[Given information Boundary: Start]

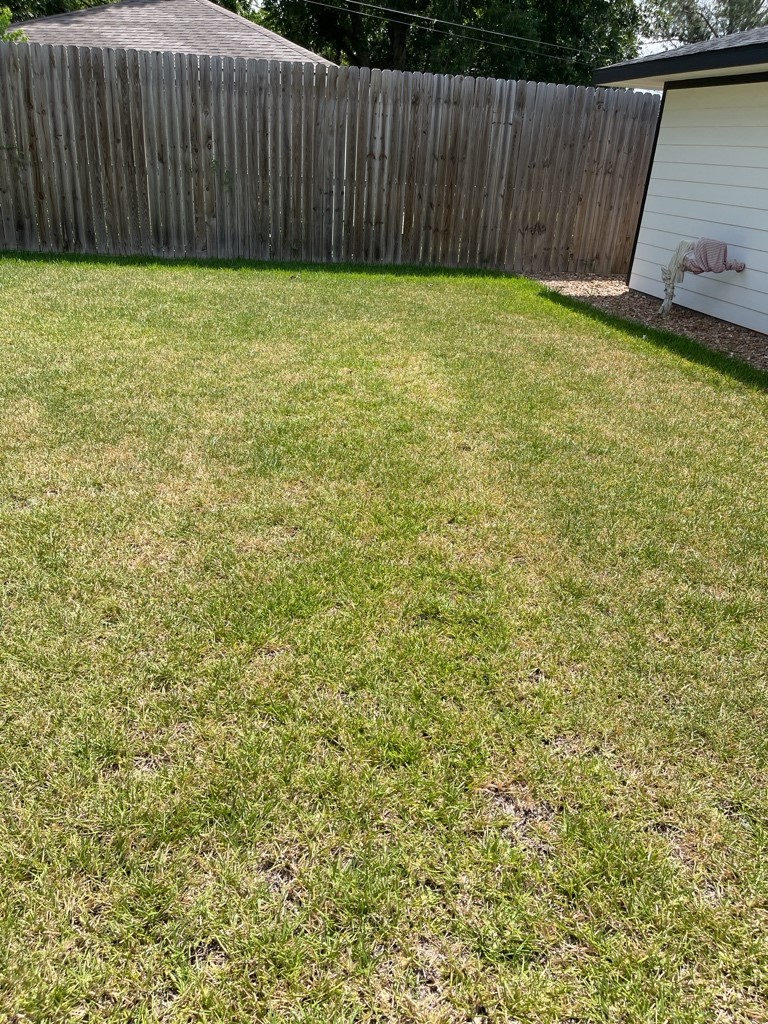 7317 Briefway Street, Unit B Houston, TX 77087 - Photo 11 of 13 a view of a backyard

[Given information Boundary: End]
[Given information Boundary: Start]

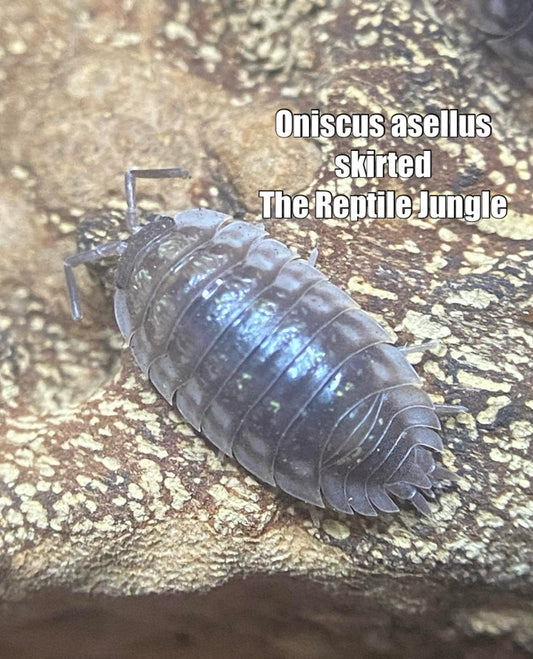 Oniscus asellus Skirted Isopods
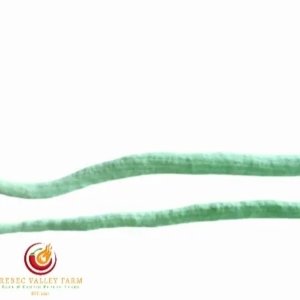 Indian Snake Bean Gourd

[Given information Boundary: End]
[Given information Boundary: Start]

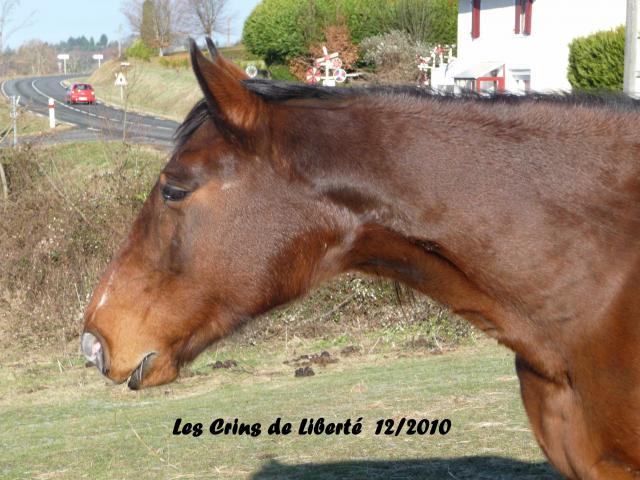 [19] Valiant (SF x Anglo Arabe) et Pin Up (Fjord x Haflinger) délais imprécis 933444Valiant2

[Given information Boundary: End]

Task goal – Everything above from the line that has "Oniscus asellus Skirted Isopods" down to the line that has "Indian Snake Bean Gourd" should be output exactly, with both of those lines included. Leave the pictures behind.

The answer –
 Oniscus asellus Skirted Isopods
 Indian Snake Bean Gourd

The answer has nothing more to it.